ルーン文字の世界/ラーシュ・マーグナル・エノークセン

 ルーン文字とか、北欧文化には結構疎いので読んでみました。オーディンと普通表記される北欧の主神がオウズィン、世界樹のイクドラーシルがイックドゥラスィットゥル、人の住む世界ミッドガルドがミズガルズルと表記されていて新鮮な感じ。北欧神話というと叙事詩「エッダ」を思い浮かべるけれど、この「エッダ」という呼称自体後世与えられたものに過ぎないとのこと。
 書籍自体はまじめな学術本ですが、研究史に焦点をあてているためにオカルティズムとの関連についてもかなりふれられています。一番有名なのは、ナチスヒムラーが親衛隊のマークとしてルーン文字のSを二つ重ねたものを使ったことなどですが、その思想的背景にはオーストリア神秘主義者グイド・フォン・リストゥの主張する「原18文字型ルーン列」などと呼ばれる神秘主義的・象徴的意味づけがあるようです。オカルティズムに取りいれられたのも故のないことではなく、遺跡に刻まれた蛇の形に刻まれたものや、ほとんど紋章化されたものをみると、漢字同様かなり呪術的色彩の強い文字だったようです。アイスランドでもルーン文字を使う呪術師が魔女狩りにあったなどの歴史も記載されていますし、死語となってからもその呪術性から暗号的に使用されたり、古代史研究のユーラソンは文字を漢字のようにキリスト教的に象徴解釈しています。これなんかちょっとクライン派のしそうな解釈でもあります。例えばpに似た文字を「胎内の救世主」と解釈するとか。また20世紀前半にはルーン研究家のスィグードゥ・アグレッルがゲマトリアみたいな数魔術理論を構築し、文字に独特な意味づけを行いアルファベットにあたるフサルクの順を変えることを提唱しています。

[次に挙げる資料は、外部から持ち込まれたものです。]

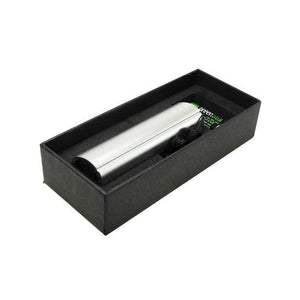 Silberne Taschenlampe mit schwarzem Knopf und schwarzem Band in der schwarzen Kartonverpackung mit drei Batterien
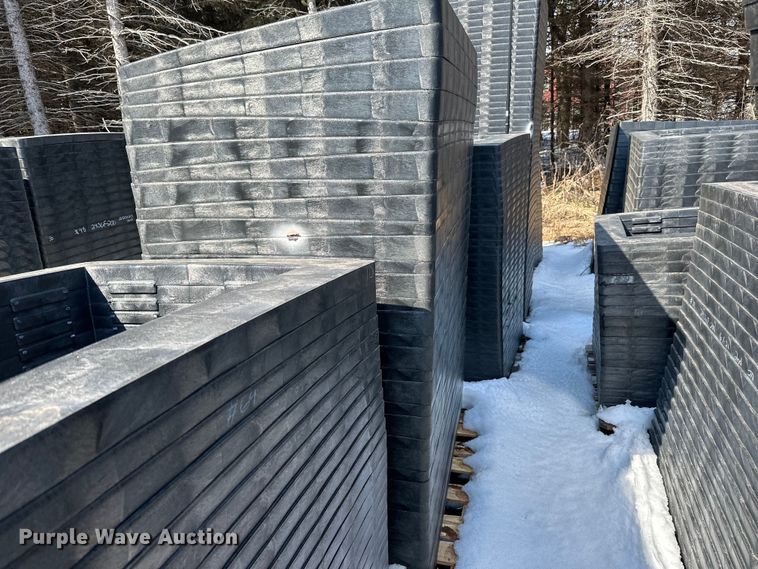 image for item DQ0672 Plastic risers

 そういうことを考え出すと、Windows XP の xp は experience の xp ということになってはいたけど、ギリシア語で救世主=キリストの頭文字だから二つの文字を組み合わせるとキリストの象徴、従ってキリスト教の世界的支配をあらわすのではと妄想が広がってしまいます。
 日本の神代文字などとは違って実在の文字ではあるのですが、さまざまな投影・妄想を引き受けた言語ともいえます。ルードゥベックによるナチスの人類北欧起源論の祖先ともいうべき偽書アトランティスとは祖国なり」も取り上げられています。
 ルーン文字自体、時代の変遷と共に大きく表記や読み方も変わっているため、この書籍はほんの表層をなでたみたいな感じですが、いつかきちんと学んでみたい言語ではあります。(いつだ!)。オカルティズムに関心がある人も押さえておきたい一冊。